--- What you are asked to do ---
Set down exactly the lines that run from the one containing "410 Estelle Street, Houston TX 77003" to the end of the material below, both included, without pictures.

################

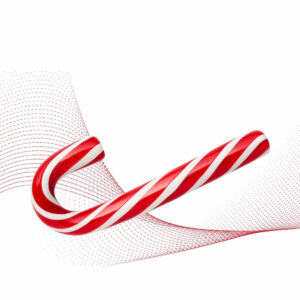 Candy Cane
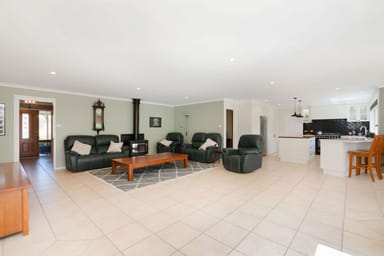 Property 46 Eucalypt Place, Royalla NSW 2620 IMAGE 0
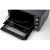Мини-печь Kraft KF-MO4506DGR Мини-печь Kraft KF-MO4506DGR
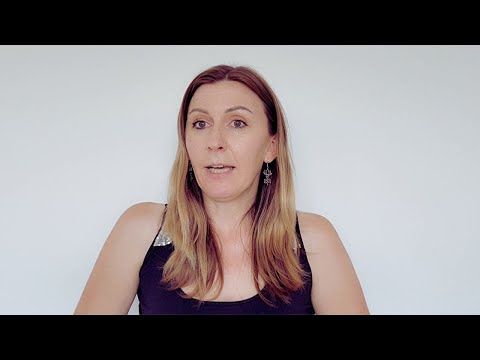 Видео: Остались без денег, сьемной квартиры, с арестованным счетом. Ошибки репатриантов | Израиль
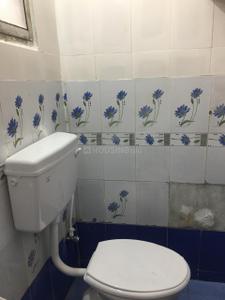 Image of 800 Sq.ft 2 BHK Apartment / Flat for sale in Lancor The Courtyard, Nanganallur, Chennai for Rs. 6500000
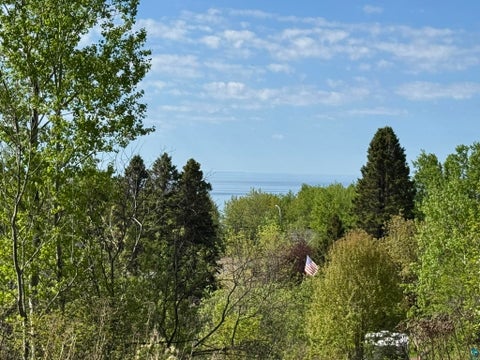 Tiny photo for 1500 Pennsylvania Ave, Beaver Bay, MN 55601 (MLS # 6125899)
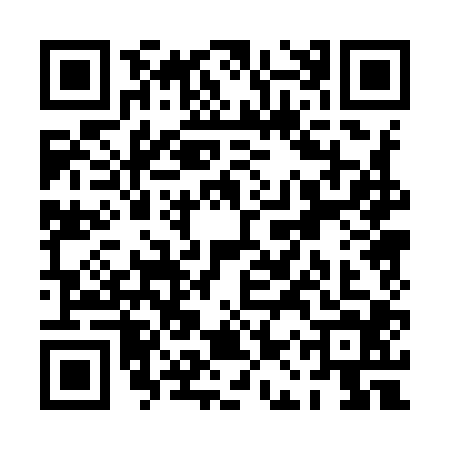 QR code for PAP9040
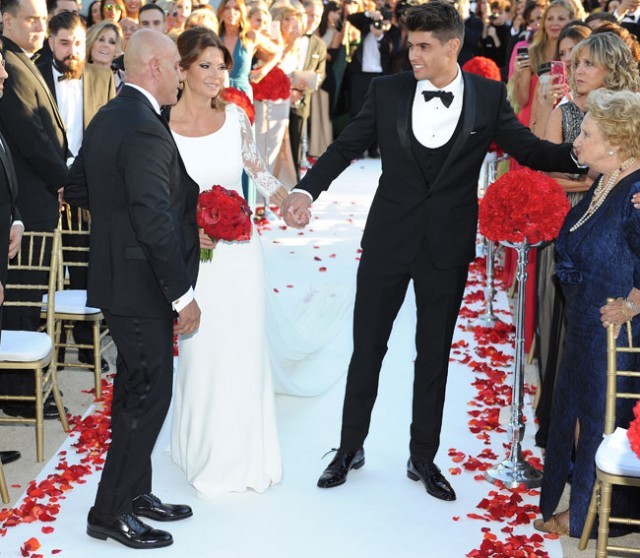 una-boda-muy-deseada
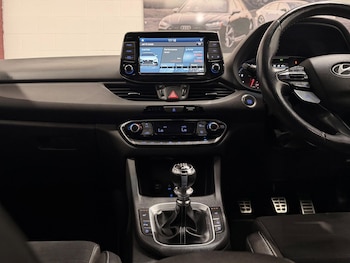 Used Hyundai i30 2019 for sale - 78615850: Photo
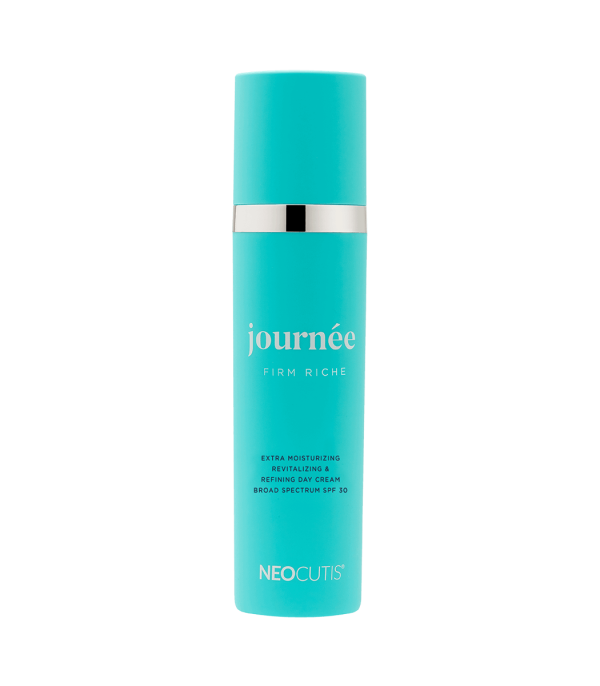 journee firm riche large bottle front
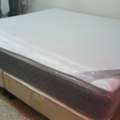 SAR 300,  200 X 200 CM MATTRESS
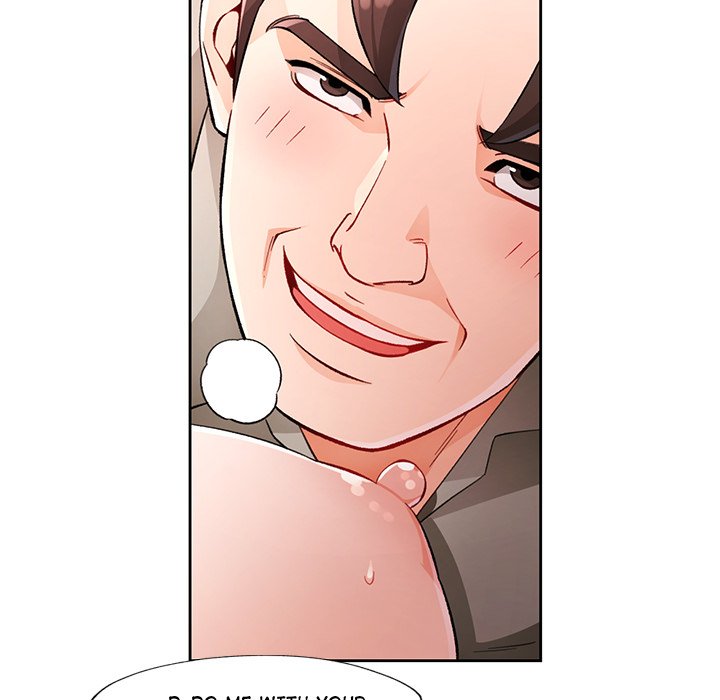 Wait, I’m a Married Woman! Chapter 31 image 54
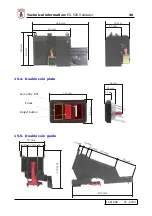 Preview for 37 page of Azkoyen ES-525 Product Description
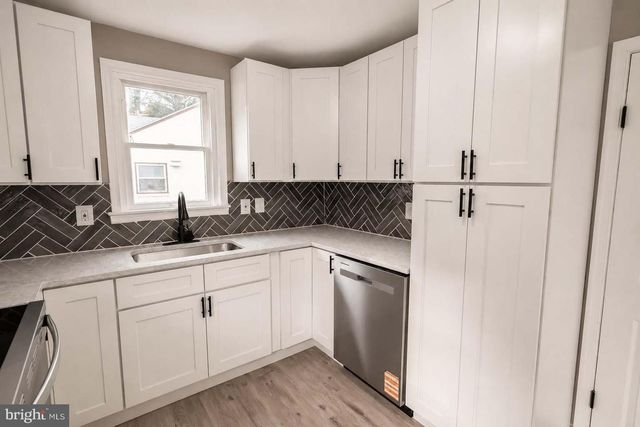 7508 KENLEA AVE, Baltimore, MD 21236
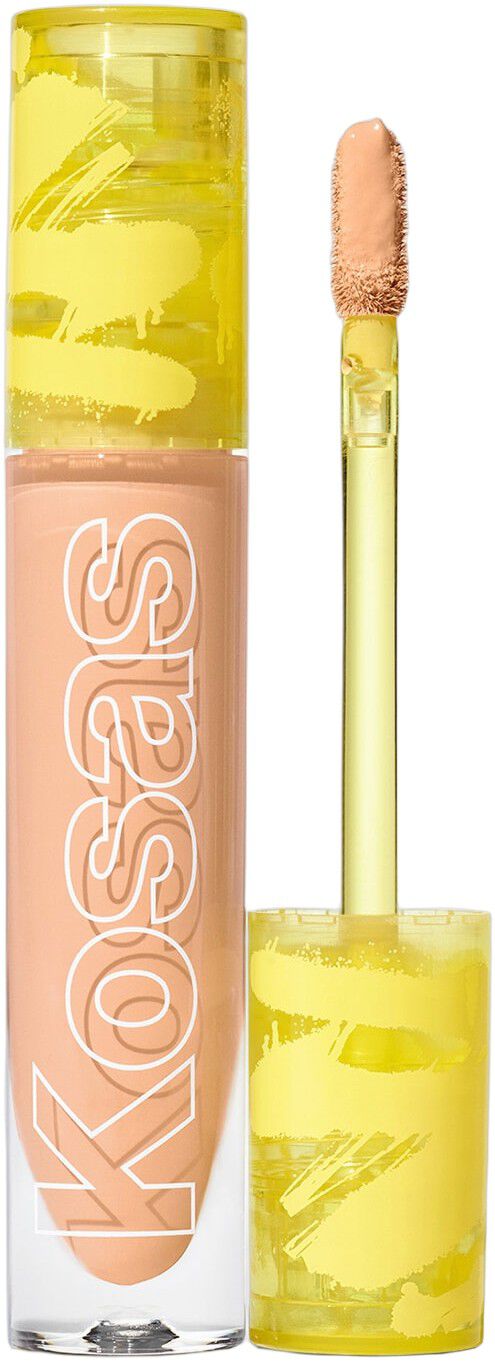 Revealer Concealer - Highlighter mod m&oslash;rke rande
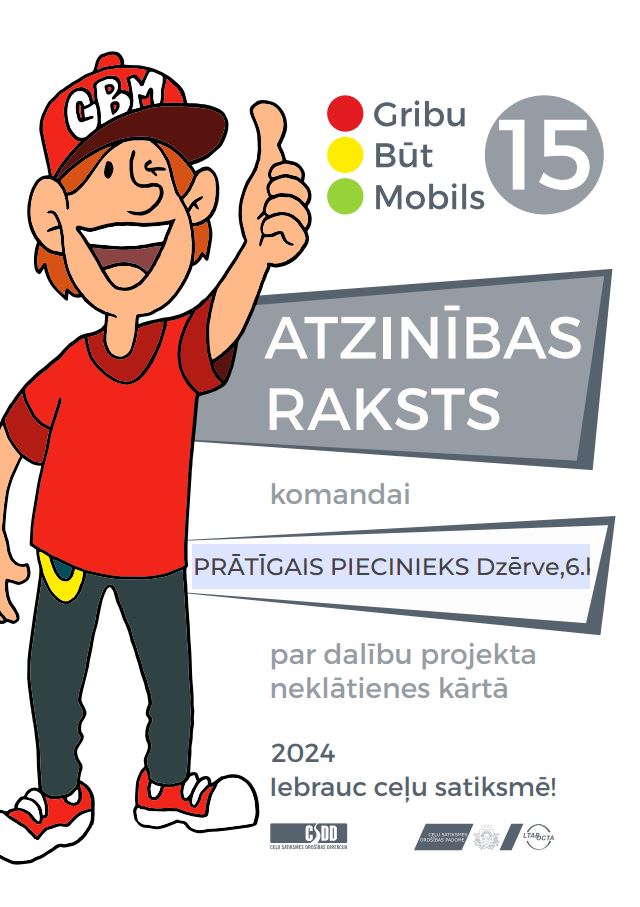 Mobils neklaatiene 6kl 2 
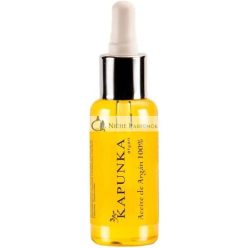 Argan Oil Kapunka Dispenser 30ml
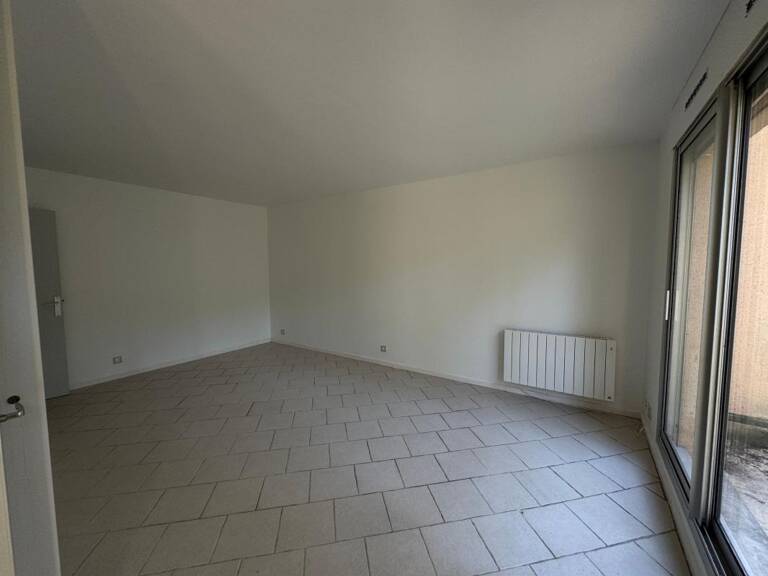 Appartement Saint Avertin 1 pièce(s) 38 m2 — photo 1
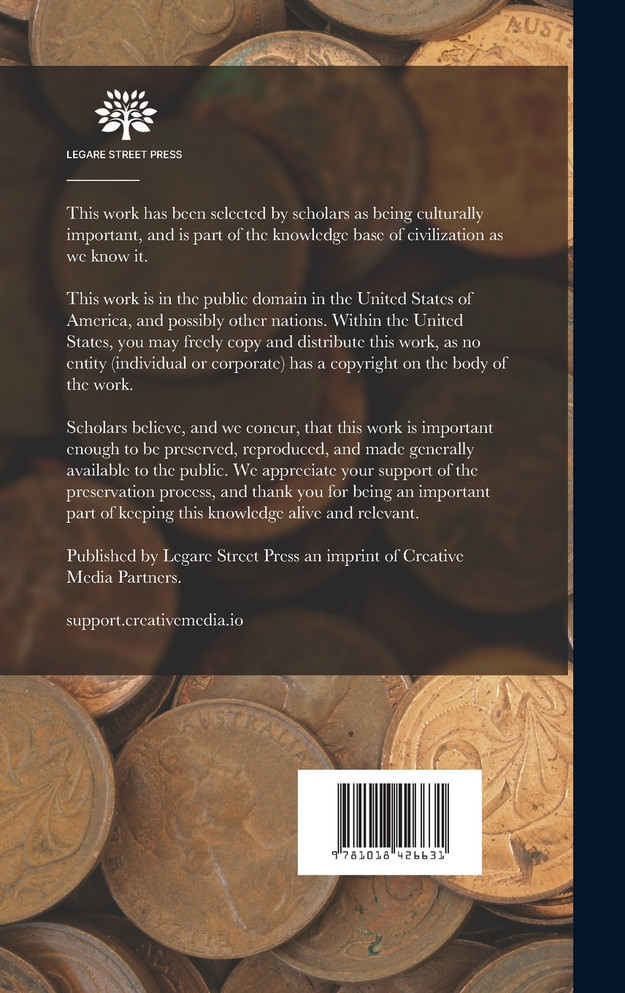 Den Danske Statsforfatningsret, Volumes 1-2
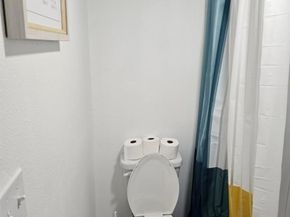 410 Estelle Street, Houston TX 77003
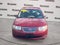 2006 Saturn Ion 2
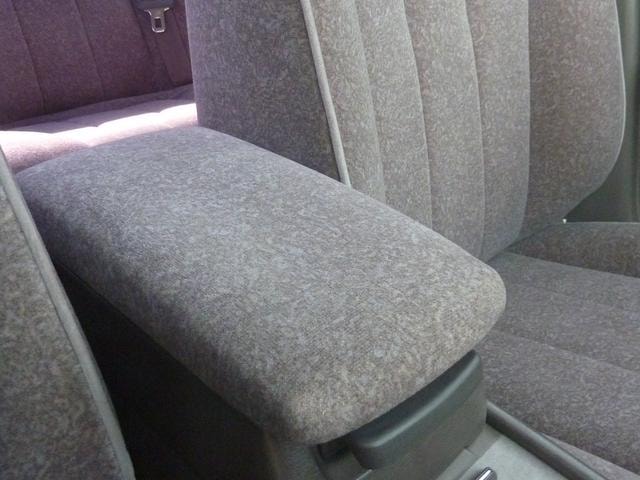 Миниатюра 49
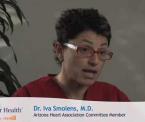 reasons women need a cardiologist specializing in women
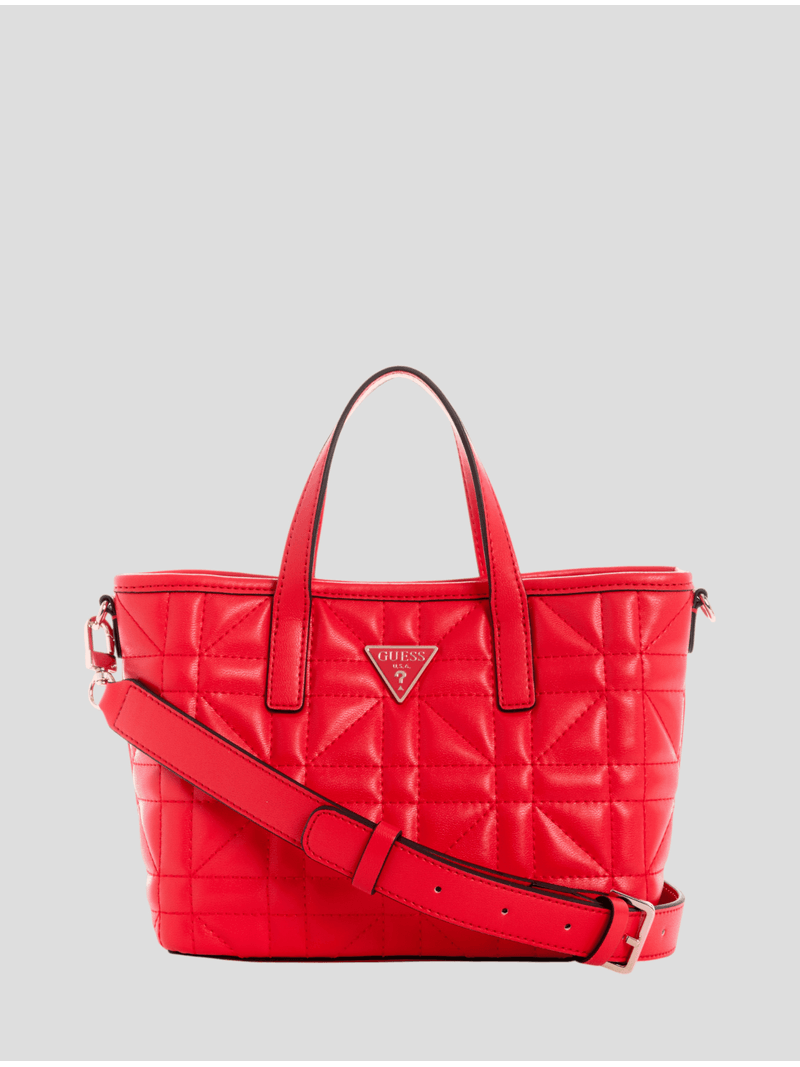 Bolsa-Mini-Tote-Guess-Edita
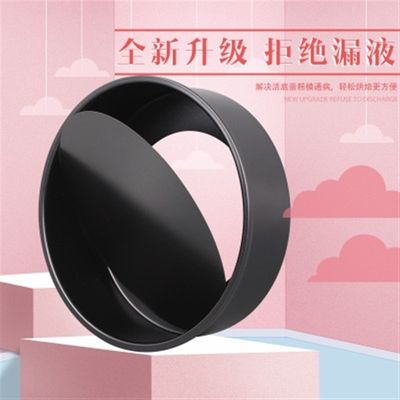 烤箱用具全套烘焙新手入门西点烘焙工具套装烤箱家用全套烘烤蛋糕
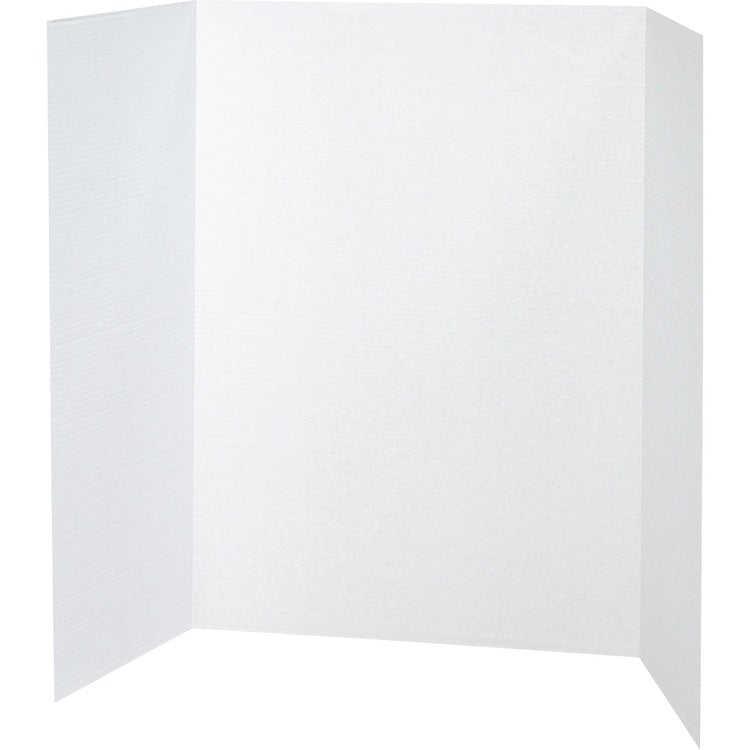 Pacon Presentation Boards [SKU - PAC3763]
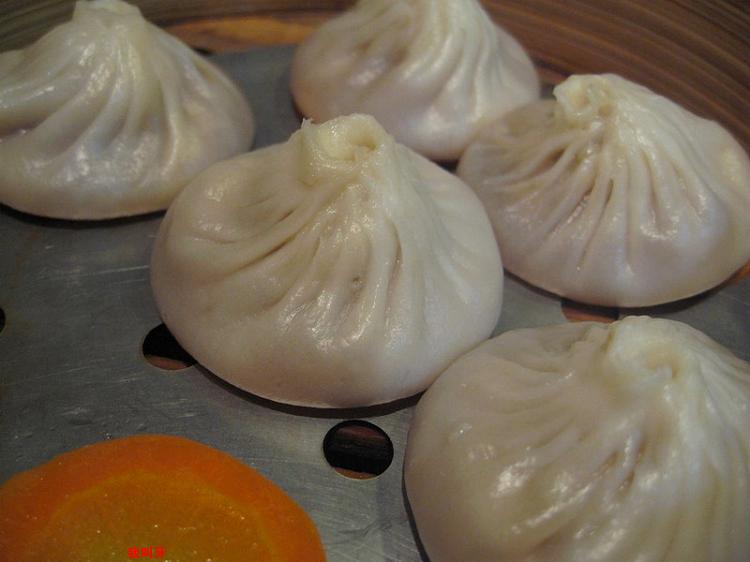 南通小籠包培訓(xùn) 無錫小籠包培訓(xùn) 蘇州小籠包培訓(xùn) 小籠包加盟_3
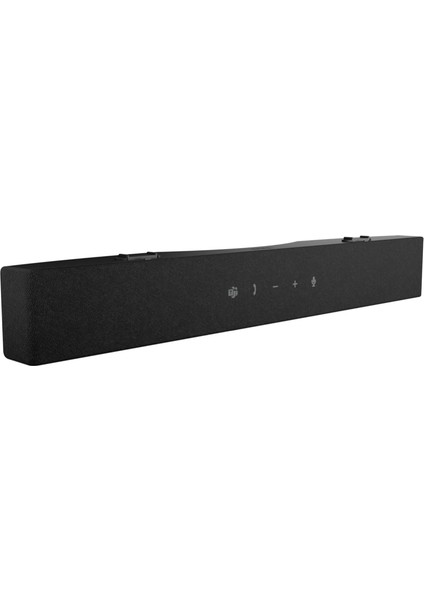 Dell 520BBLY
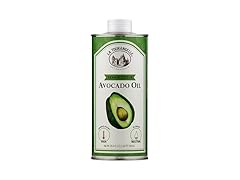 La Tourangelle, Sear & Sizzle Avocado Oil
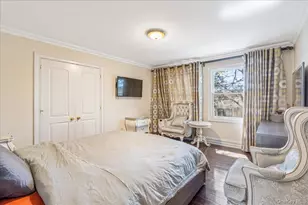 39 Coolidge Ave, Roslyn Heights, NY 11577 - Photo 27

################

--- Finished exercise ---
 410 Estelle Street, Houston TX 77003
 2006 Saturn Ion 2
 Миниатюра 49
 reasons women need a cardiologist specializing in women
 Bolsa-Mini-Tote-Guess-Edita
 烤箱用具全套烘焙新手入门西点烘焙工具套装烤箱家用全套烘烤蛋糕
 Pacon Presentation Boards [SKU - PAC3763]
 南通小籠包培訓(xùn) 無錫小籠包培訓(xùn) 蘇州小籠包培訓(xùn) 小籠包加盟_3
 Dell 520BBLY
 La Tourangelle, Sear & Sizzle Avocado Oil
 39 Coolidge Ave, Roslyn Heights, NY 11577 - Photo 27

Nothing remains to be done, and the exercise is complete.